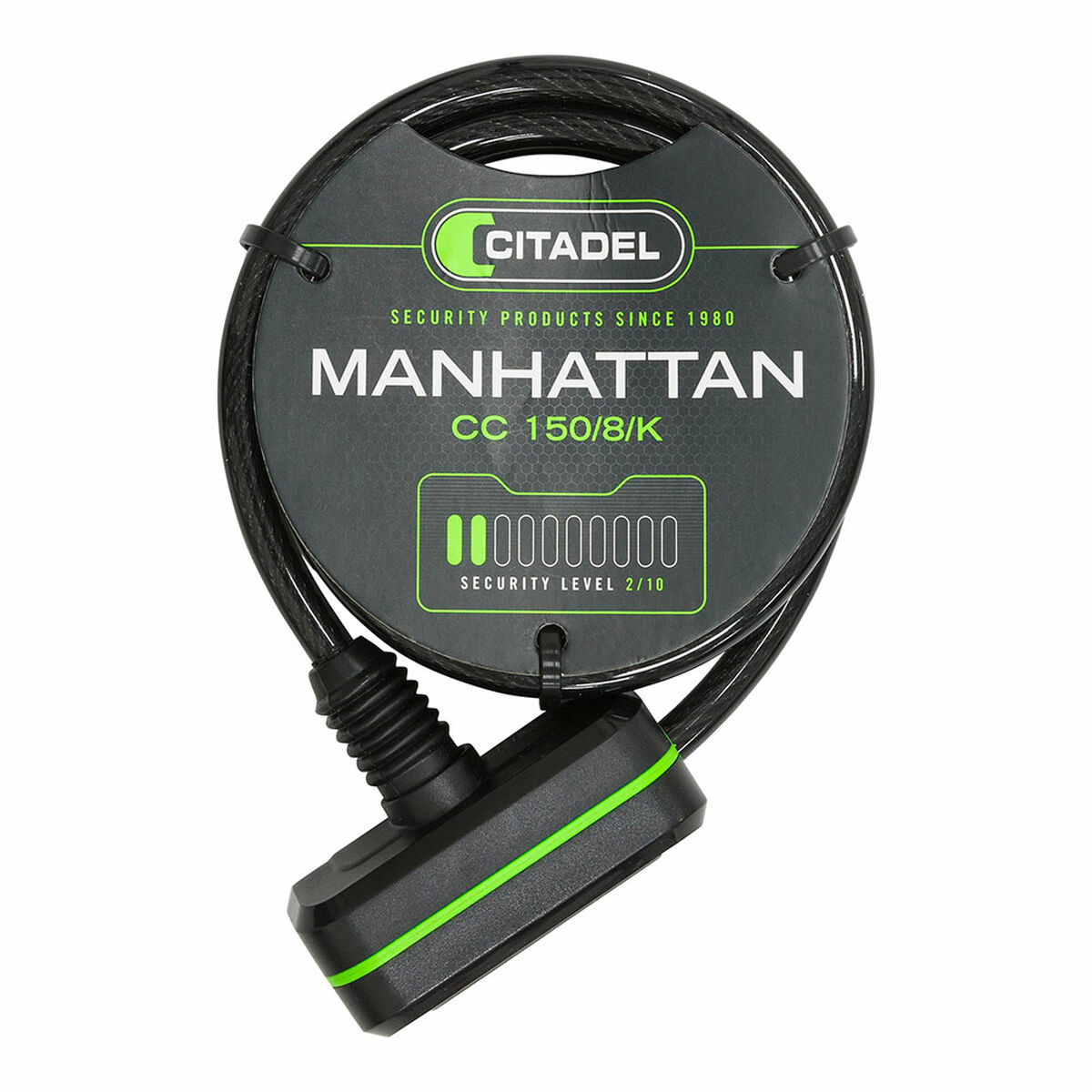 Kabel med hänglås Citadel Manhattan cc 150/8/k Svart 150 cm
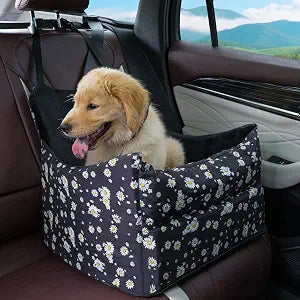 Dog Back Car Seat for Small/Medium Dogs  Elevated Booster Seat with Detachable, Washable Cover, Safety Belts, and Storage Pockets Car Back Seat (Black Daisy)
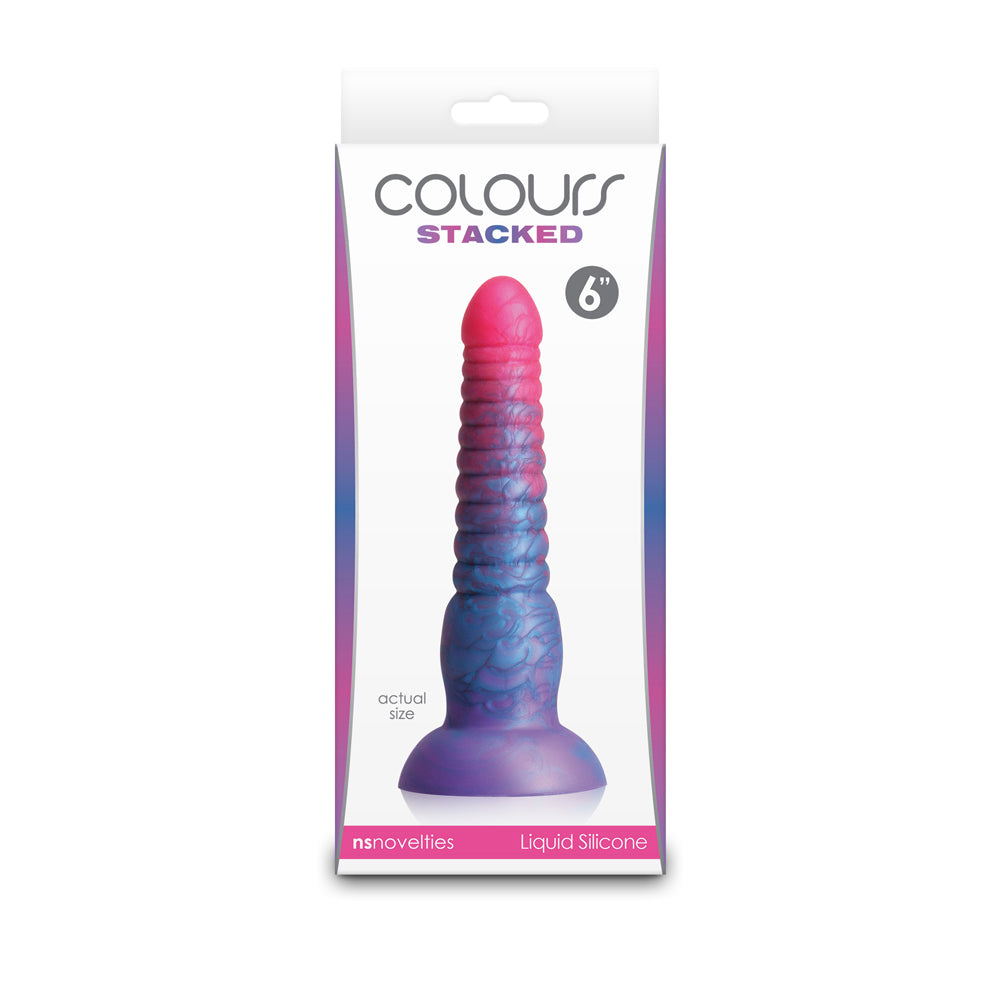 Colours Stacked 6&quot; Dildo Pink/Blue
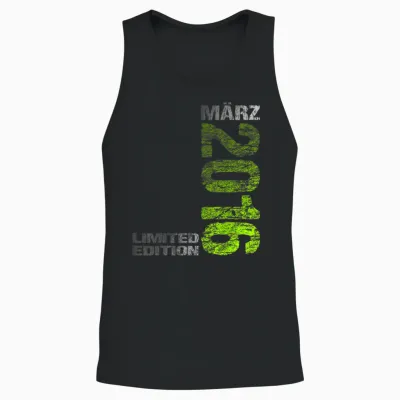 March 2016 Boy Girl 9th Birthday Limited Edition 9 T-Shirt, Black, S Unisex Tank Top - Black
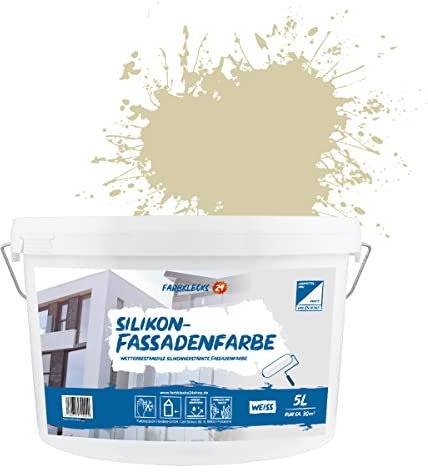 Farbklecks24 Silikon-Fassadenfarbe Color (versch. Größen/Farben) hohe Deckkraft, Wetterschutz, schmutzabweisend (5L, Beige 1-3)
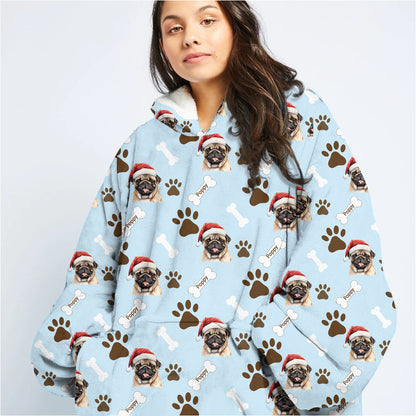 Personalized Pet Christmas Oodie Blanket Hoodie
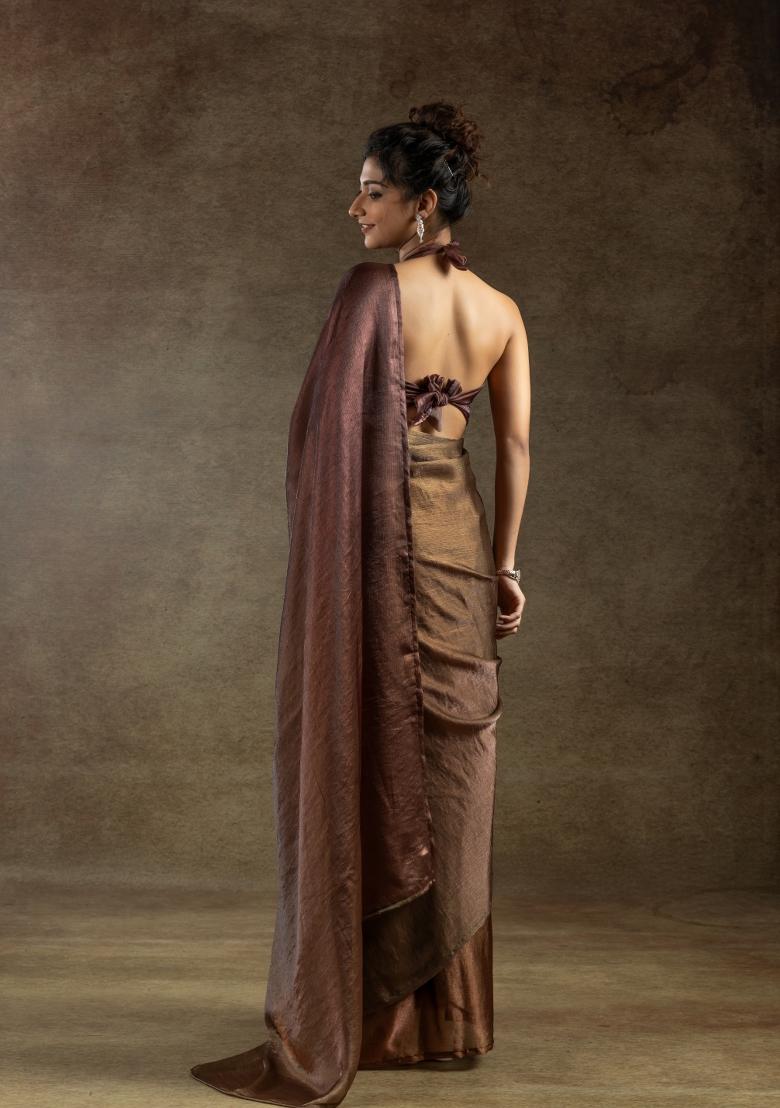 Brown Solid Satin Silk Saree Set With Blouse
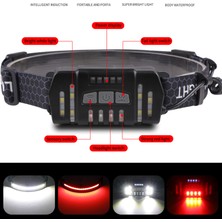 Kecilila LED Kafa Lambası, Balıkçılık Için Yürüyüş Için Şarjlı Far Indüksiyon Fonksiyonu (Yurt Dışından)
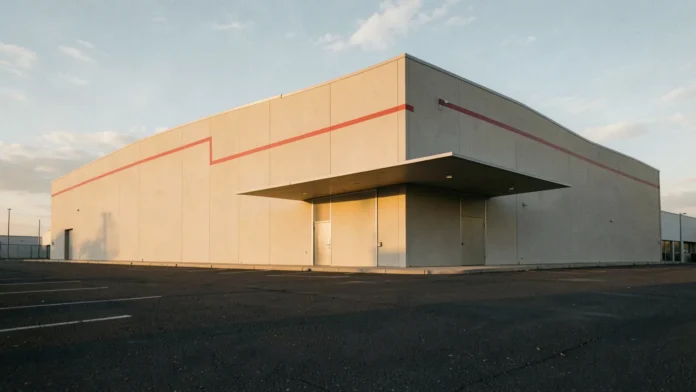 Grand entrepôt de vente en gros au soleil couchant, façade beige à bande rouge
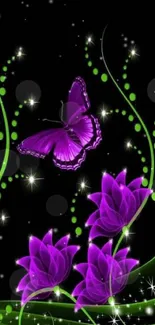 Purple butterfly with glowing flowers and vines on a dark background.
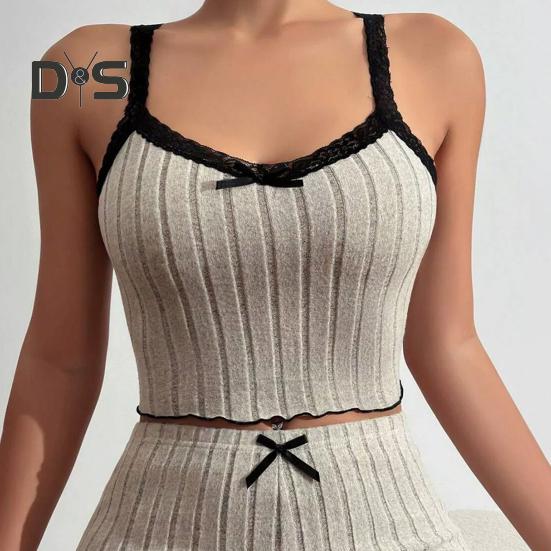 2 Pcs/Set Women Summer Pajamas Suit Shirring Edge Sleeveless Backless Crop Top Lace Bow Decor High Waist Mini Shorts Daily Nightie Slim Fit Sleepwear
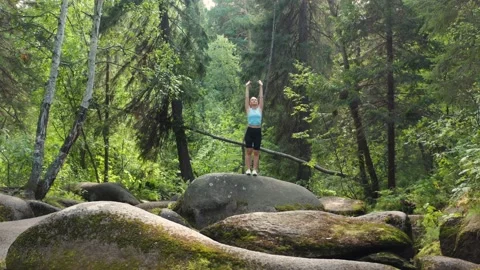 Yoga in nature in the forest Stock Footage 171485258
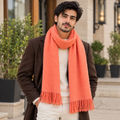 Plain Peach Wool Muffler - R-2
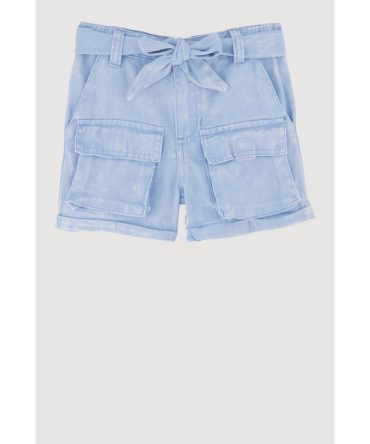 Toddler Girls Trendy Denim Cargo Shorts with Tie Waist Belt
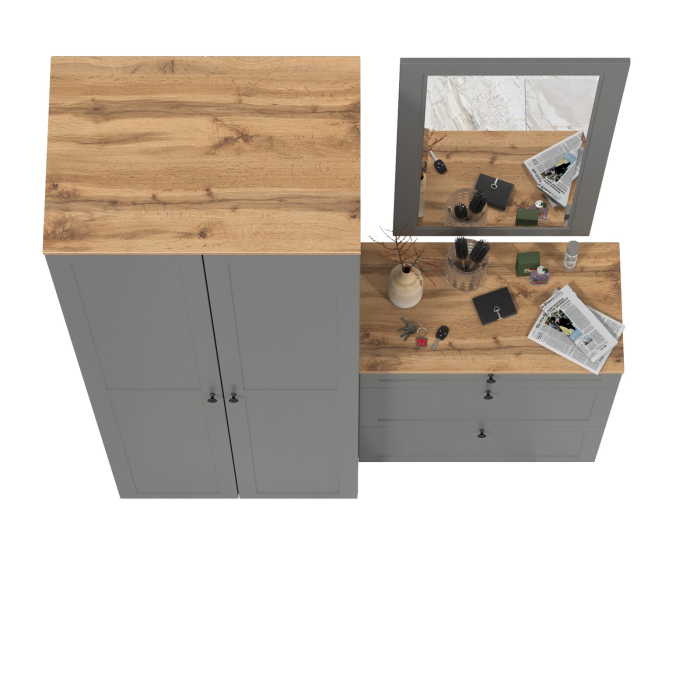 Прихожие, Шкаф двудверный для прихожей и обувница с зеркалом Остин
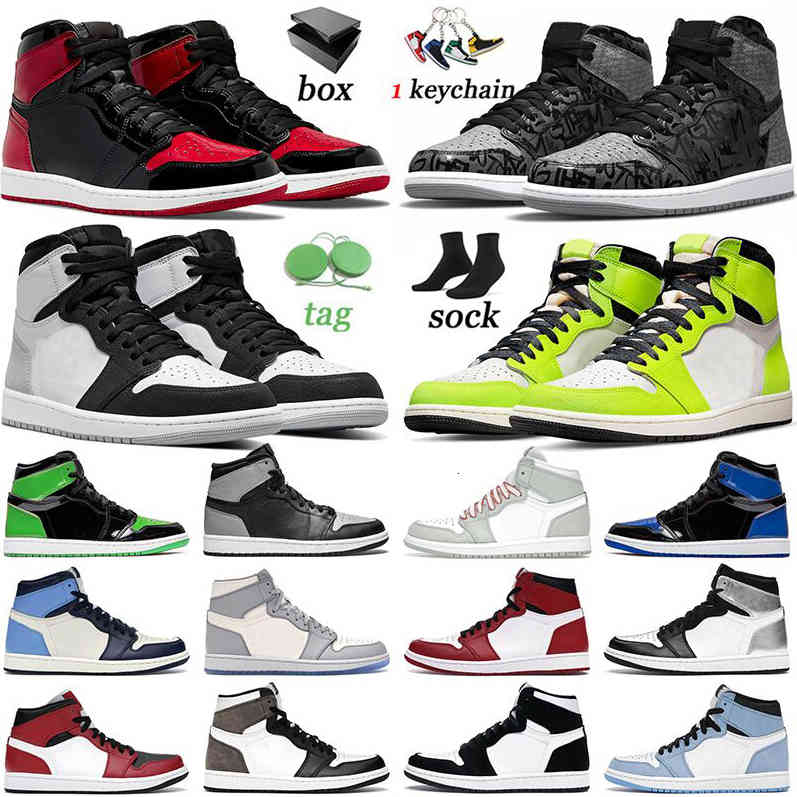 

University Blue 1 Og Basketball Shoes Jumpman 1S High Dark Mocha Unc Light Smoke Grey Hyper Chicago Patent Bred Royal Toe Men Women Trainers Sneakers Size 36-46, B12 denim 36-47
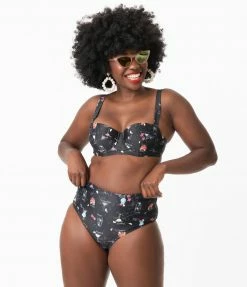 Collectif Black & Cocktail Menu Print Balcony Swim Top Swimwear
======
▶ Activity: Line for line, retype the material exactly, omitting any pictures.

▶ Answer section:
 Kabel med hänglås Citadel Manhattan cc 150/8/k Svart 150 cm
 Dog Back Car Seat for Small/Medium Dogs  Elevated Booster Seat with Detachable, Washable Cover, Safety Belts, and Storage Pockets Car Back Seat (Black Daisy)
 Colours Stacked 6&quot; Dildo Pink/Blue
 March 2016 Boy Girl 9th Birthday Limited Edition 9 T-Shirt, Black, S Unisex Tank Top - Black
 Farbklecks24 Silikon-Fassadenfarbe Color (versch. Größen/Farben) hohe Deckkraft, Wetterschutz, schmutzabweisend (5L, Beige 1-3)
 Personalized Pet Christmas Oodie Blanket Hoodie
 Brown Solid Satin Silk Saree Set With Blouse
 Kecilila LED Kafa Lambası, Balıkçılık Için Yürüyüş Için Şarjlı Far Indüksiyon Fonksiyonu (Yurt Dışından)
 Grand entrepôt de vente en gros au soleil couchant, façade beige à bande rouge
 Purple butterfly with glowing flowers and vines on a dark background.
 2 Pcs/Set Women Summer Pajamas Suit Shirring Edge Sleeveless Backless Crop Top Lace Bow Decor High Waist Mini Shorts Daily Nightie Slim Fit Sleepwear
 Yoga in nature in the forest Stock Footage 171485258
 Plain Peach Wool Muffler - R-2
 Toddler Girls Trendy Denim Cargo Shorts with Tie Waist Belt
 Прихожие, Шкаф двудверный для прихожей и обувница с зеркалом Остин

University Blue 1 Og Basketball Shoes Jumpman 1S High Dark Mocha Unc Light Smoke Grey Hyper Chicago Patent Bred Royal Toe Men Women Trainers Sneakers Size 36-46, B12 denim 36-47
 Collectif Black & Cocktail Menu Print Balcony Swim Top Swimwear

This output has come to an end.